PROBLEM: Repeat every record exactly as written, but leave out the pictures.

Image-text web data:

# # # # # # #

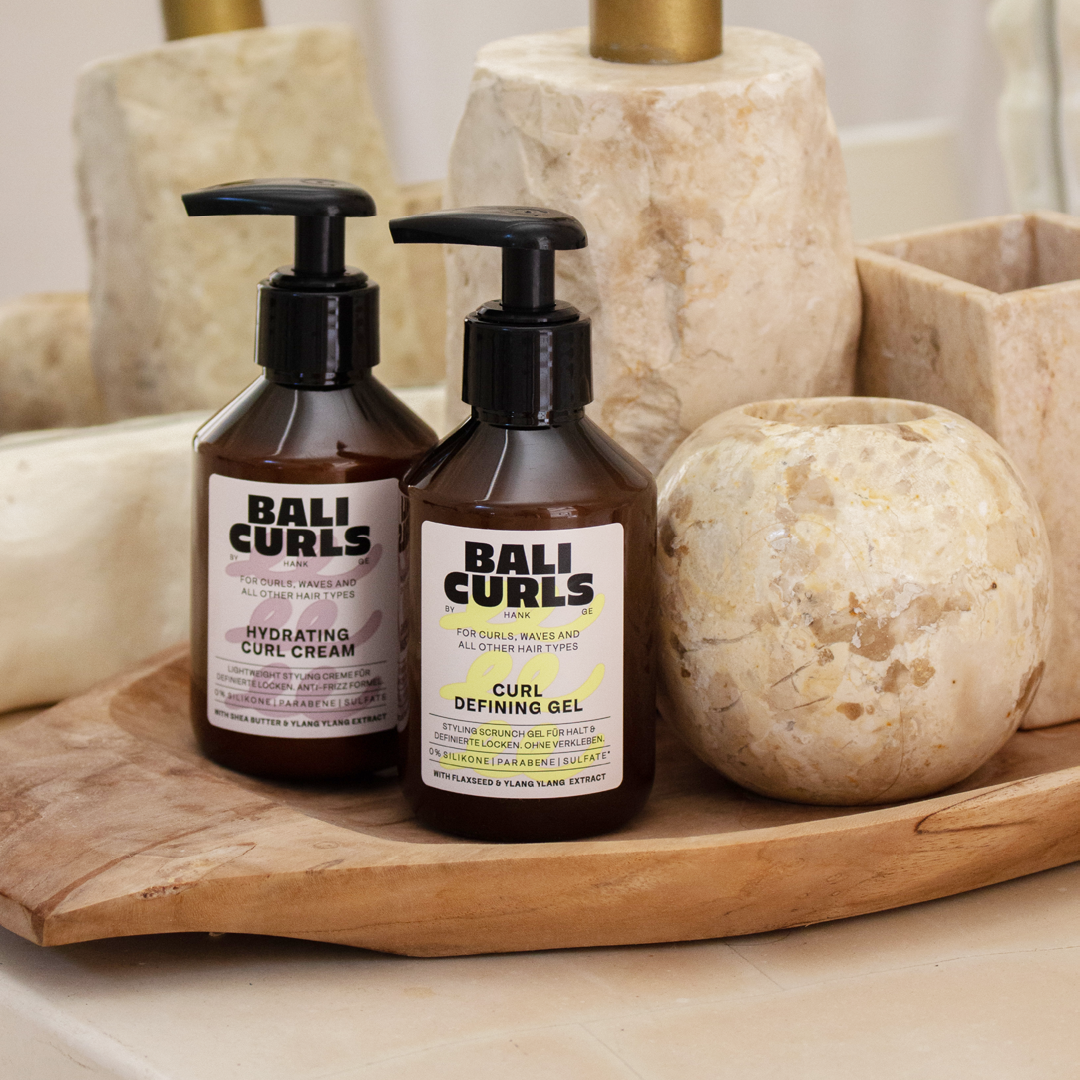 Abbildung des Bali Curls Curl Defining gels und der Hydrating Curl Cream auf einer Holzablage neben Steinernen Badezimmer Objekten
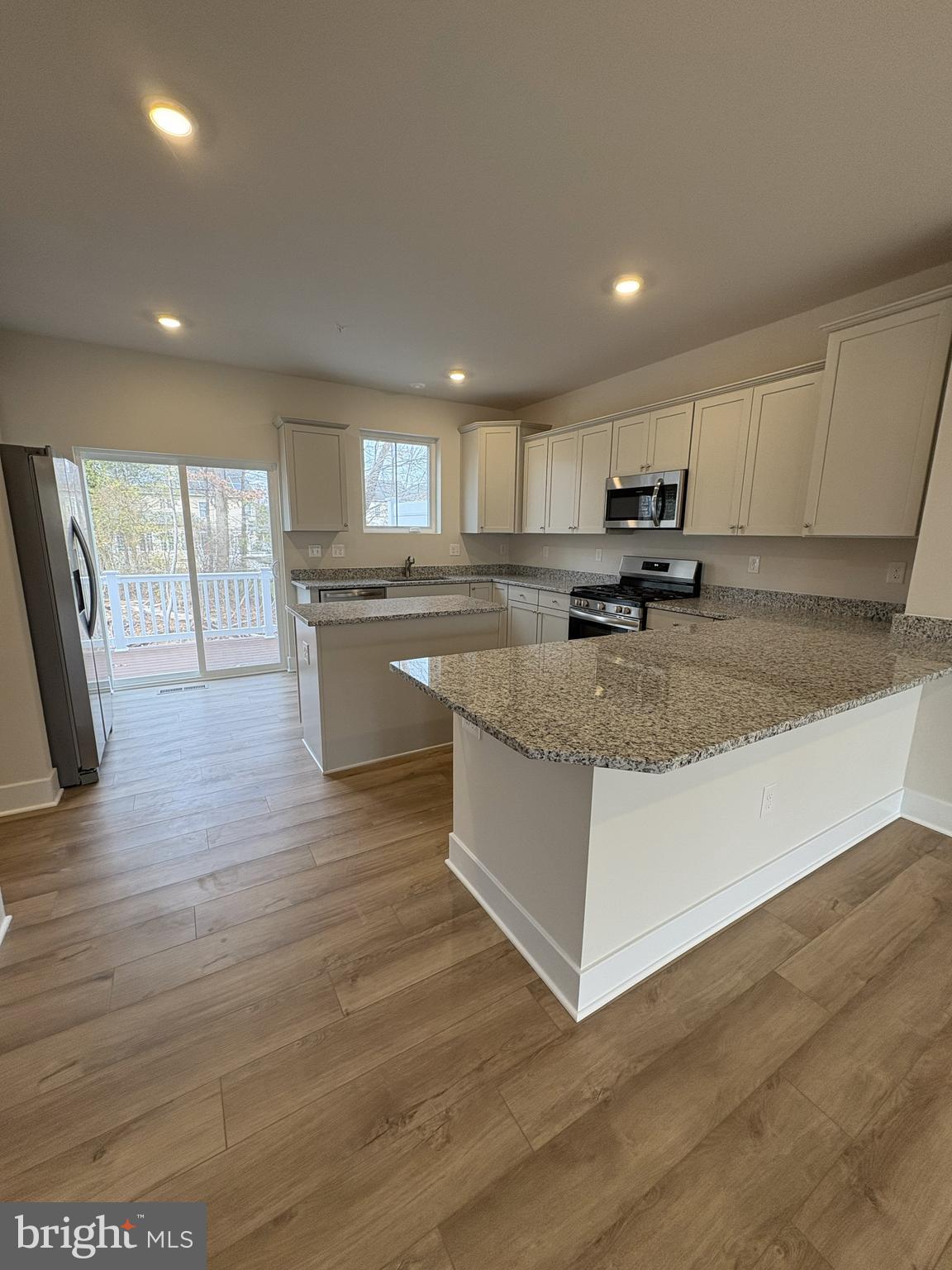 7448 Cornerstone Way Laurel, MD 20707 - Photo 3 of 13 a large kitchen with stainless steel appliances granite countertop a lot of counter space and wooden floors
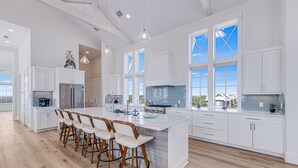 Una cocina amplia con una isla grande, armarios blancos y una zona de bar con taburetes.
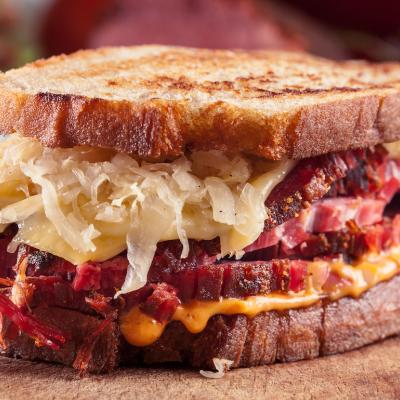 Reuben Sandwich with corned beef, cheese, and sauerkraut.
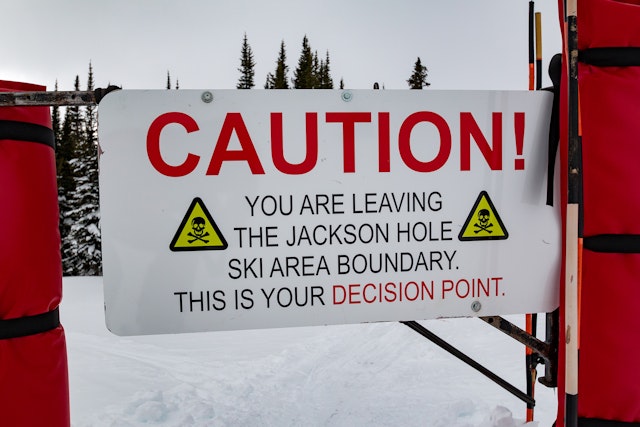 Caution sign on backcountry gates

# # # # # # #

RESULT FOR THIS TASK:
 Abbildung des Bali Curls Curl Defining gels und der Hydrating Curl Cream auf einer Holzablage neben Steinernen Badezimmer Objekten
 7448 Cornerstone Way Laurel, MD 20707 - Photo 3 of 13 a large kitchen with stainless steel appliances granite countertop a lot of counter space and wooden floors
 Una cocina amplia con una isla grande, armarios blancos y una zona de bar con taburetes.
 Reuben Sandwich with corned beef, cheese, and sauerkraut.
 Caution sign on backcountry gates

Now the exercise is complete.